Start of Task input

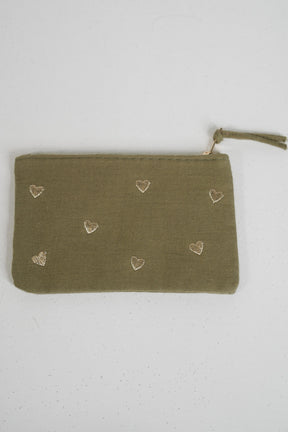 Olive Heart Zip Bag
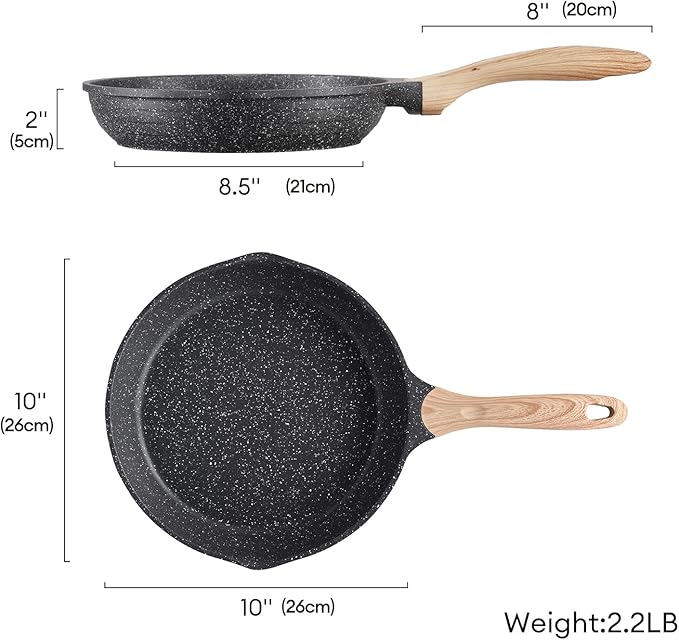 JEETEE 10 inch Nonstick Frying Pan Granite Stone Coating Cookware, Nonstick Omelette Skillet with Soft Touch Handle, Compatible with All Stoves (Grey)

End of Task input
Start of Task input

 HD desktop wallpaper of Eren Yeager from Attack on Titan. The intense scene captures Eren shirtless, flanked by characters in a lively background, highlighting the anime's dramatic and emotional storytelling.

End of Task input

▶ [Your goal]: Print exactly the lines above that run from the one with "Olive Heart Zip Bag" down to the one with "JEETEE 10 inch", and omit the pictures.

▶ [Answer to this exercise]:
 Olive Heart Zip Bag
 JEETEE 10 inch Nonstick Frying Pan Granite Stone Coating Cookware, Nonstick Omelette Skillet with Soft Touch Handle, Compatible with All Stoves (Grey)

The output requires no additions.